(Exercise instructions)
Pick every line out of the entries below that holds the string "with", and report them.

Short descriptive text snippets
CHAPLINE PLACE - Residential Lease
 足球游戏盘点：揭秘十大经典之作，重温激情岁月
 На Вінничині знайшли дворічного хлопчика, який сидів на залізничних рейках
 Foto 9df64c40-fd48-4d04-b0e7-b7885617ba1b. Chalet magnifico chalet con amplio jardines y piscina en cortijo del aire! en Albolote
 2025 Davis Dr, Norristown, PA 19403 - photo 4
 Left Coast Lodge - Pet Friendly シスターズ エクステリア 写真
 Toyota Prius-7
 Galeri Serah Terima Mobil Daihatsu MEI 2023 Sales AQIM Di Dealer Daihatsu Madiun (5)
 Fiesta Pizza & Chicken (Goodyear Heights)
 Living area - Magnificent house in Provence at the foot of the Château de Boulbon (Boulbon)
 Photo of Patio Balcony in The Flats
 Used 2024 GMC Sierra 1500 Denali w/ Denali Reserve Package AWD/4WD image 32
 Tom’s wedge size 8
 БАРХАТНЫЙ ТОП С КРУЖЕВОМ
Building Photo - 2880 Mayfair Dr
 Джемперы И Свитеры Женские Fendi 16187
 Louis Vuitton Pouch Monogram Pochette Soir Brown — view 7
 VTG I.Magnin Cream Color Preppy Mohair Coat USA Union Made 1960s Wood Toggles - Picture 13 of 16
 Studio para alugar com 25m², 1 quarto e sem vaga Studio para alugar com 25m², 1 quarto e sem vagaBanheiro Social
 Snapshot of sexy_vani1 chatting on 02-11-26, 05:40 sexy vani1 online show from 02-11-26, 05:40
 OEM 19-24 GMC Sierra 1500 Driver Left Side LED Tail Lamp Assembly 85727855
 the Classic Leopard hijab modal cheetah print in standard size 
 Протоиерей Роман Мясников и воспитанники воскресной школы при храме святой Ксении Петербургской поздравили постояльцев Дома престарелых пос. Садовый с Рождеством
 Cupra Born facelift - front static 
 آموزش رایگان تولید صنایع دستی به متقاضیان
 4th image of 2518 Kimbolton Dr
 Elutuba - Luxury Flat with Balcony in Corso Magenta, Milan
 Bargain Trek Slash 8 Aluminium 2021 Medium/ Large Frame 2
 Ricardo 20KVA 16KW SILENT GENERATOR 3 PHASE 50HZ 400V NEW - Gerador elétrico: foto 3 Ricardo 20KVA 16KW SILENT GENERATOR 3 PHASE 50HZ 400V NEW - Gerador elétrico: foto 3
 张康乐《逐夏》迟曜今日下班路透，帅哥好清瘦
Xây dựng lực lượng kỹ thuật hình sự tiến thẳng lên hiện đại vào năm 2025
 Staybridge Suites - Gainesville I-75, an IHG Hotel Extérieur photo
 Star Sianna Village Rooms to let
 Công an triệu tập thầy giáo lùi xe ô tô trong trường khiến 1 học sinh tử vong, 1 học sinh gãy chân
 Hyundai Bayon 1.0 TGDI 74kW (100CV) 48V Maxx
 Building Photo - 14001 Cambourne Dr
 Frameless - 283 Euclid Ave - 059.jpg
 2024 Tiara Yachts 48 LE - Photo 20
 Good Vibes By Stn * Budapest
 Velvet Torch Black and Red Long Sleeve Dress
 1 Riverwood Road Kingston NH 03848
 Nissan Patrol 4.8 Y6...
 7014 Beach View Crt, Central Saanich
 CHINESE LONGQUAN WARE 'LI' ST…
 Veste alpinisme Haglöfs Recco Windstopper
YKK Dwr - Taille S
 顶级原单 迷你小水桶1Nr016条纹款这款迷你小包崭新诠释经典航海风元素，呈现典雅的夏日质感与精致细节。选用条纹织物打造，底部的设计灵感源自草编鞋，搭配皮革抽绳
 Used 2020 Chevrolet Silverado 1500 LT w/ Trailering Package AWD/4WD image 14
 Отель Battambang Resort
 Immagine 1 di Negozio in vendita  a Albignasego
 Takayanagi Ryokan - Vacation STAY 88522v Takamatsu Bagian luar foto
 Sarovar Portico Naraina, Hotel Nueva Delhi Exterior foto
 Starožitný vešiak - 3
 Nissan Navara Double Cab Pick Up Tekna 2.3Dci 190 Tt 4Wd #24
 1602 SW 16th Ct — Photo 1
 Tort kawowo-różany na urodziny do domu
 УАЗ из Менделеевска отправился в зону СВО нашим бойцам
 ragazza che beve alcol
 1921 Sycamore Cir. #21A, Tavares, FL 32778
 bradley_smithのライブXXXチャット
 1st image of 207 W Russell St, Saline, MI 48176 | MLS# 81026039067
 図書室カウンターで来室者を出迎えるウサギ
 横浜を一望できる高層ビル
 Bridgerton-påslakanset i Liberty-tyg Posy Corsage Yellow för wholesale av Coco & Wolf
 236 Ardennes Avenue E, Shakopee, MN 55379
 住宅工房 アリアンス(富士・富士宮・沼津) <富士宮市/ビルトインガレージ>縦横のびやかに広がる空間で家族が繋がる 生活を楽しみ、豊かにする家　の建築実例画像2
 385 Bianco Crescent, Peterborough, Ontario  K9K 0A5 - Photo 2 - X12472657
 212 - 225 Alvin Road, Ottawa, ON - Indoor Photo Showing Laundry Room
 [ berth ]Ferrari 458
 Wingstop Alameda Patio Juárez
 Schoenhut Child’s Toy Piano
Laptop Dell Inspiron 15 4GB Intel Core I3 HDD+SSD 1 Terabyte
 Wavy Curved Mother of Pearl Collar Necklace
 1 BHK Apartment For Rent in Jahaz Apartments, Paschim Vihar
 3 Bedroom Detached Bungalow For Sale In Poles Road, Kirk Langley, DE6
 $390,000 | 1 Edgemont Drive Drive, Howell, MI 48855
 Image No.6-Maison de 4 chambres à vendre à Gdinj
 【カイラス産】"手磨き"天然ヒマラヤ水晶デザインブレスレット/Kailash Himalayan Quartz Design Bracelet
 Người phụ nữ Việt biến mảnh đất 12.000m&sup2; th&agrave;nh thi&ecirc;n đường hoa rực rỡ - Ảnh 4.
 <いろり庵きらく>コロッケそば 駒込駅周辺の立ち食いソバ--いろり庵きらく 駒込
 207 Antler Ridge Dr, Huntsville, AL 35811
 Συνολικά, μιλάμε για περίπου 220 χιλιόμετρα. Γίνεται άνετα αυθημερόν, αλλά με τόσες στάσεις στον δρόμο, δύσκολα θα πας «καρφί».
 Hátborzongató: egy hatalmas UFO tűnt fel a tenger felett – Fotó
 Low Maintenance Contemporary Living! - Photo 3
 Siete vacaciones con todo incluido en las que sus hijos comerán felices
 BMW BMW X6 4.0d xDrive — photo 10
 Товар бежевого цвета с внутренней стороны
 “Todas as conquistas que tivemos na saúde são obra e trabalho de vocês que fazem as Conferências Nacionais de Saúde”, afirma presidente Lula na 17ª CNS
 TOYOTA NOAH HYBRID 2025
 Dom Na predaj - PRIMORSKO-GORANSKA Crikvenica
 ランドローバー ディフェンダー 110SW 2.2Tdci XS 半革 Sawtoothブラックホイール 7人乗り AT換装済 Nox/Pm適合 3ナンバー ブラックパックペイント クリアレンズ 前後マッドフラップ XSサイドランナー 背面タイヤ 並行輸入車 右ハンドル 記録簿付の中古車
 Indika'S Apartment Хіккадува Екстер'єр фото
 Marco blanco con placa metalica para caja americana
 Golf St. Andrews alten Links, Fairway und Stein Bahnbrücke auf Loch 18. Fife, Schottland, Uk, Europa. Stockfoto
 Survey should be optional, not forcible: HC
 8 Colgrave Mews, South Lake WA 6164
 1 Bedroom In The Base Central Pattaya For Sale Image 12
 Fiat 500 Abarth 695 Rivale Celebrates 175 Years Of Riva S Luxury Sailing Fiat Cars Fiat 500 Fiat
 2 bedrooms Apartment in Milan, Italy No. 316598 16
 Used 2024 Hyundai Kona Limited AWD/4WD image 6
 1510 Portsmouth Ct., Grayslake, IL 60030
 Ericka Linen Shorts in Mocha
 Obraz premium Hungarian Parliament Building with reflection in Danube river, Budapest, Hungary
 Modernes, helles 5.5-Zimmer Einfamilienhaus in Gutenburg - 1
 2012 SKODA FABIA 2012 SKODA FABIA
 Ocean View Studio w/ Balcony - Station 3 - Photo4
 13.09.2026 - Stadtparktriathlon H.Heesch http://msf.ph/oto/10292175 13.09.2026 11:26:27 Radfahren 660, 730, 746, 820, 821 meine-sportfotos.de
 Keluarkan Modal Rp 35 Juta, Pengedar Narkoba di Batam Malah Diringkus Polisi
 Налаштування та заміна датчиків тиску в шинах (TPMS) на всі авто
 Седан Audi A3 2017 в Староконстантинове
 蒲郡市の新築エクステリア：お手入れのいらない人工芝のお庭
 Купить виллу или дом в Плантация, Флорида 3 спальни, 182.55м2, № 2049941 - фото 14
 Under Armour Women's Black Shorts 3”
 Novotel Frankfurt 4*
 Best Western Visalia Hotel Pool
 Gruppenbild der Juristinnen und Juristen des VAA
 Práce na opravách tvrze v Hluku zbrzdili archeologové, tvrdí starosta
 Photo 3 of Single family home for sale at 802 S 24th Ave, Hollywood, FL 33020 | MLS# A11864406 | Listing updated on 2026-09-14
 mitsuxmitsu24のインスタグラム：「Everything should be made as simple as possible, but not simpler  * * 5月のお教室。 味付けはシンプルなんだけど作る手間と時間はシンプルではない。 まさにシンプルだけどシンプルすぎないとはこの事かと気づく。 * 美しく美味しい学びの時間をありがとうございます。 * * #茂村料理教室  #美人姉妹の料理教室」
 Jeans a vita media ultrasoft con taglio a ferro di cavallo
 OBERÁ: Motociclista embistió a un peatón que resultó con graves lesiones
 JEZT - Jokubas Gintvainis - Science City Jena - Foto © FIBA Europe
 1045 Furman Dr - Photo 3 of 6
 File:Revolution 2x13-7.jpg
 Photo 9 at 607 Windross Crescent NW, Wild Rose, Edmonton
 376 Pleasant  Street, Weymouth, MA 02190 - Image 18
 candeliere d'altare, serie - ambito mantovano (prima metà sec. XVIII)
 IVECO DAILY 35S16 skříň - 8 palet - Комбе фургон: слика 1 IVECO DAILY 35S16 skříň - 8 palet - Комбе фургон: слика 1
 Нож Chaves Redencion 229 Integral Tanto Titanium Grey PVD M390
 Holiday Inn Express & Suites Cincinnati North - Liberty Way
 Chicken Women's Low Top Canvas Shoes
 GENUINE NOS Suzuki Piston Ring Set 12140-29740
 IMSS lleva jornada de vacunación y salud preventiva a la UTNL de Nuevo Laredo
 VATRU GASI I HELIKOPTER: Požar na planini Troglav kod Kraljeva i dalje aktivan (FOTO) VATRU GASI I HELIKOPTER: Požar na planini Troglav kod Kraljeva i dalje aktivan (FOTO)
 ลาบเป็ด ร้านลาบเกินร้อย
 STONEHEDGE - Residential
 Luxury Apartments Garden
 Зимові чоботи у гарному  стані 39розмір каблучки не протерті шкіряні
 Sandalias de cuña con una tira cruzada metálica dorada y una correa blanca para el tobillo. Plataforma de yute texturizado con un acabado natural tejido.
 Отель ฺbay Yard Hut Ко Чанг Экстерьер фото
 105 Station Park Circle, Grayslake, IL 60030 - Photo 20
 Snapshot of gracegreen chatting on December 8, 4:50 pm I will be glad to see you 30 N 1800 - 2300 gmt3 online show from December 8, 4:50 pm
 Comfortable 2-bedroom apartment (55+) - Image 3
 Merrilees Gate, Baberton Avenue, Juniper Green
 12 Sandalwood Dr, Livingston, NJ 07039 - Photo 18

(Result)
 Elutuba - Luxury Flat with Balcony in Corso Magenta, Milan
 Obraz premium Hungarian Parliament Building with reflection in Danube river, Budapest, Hungary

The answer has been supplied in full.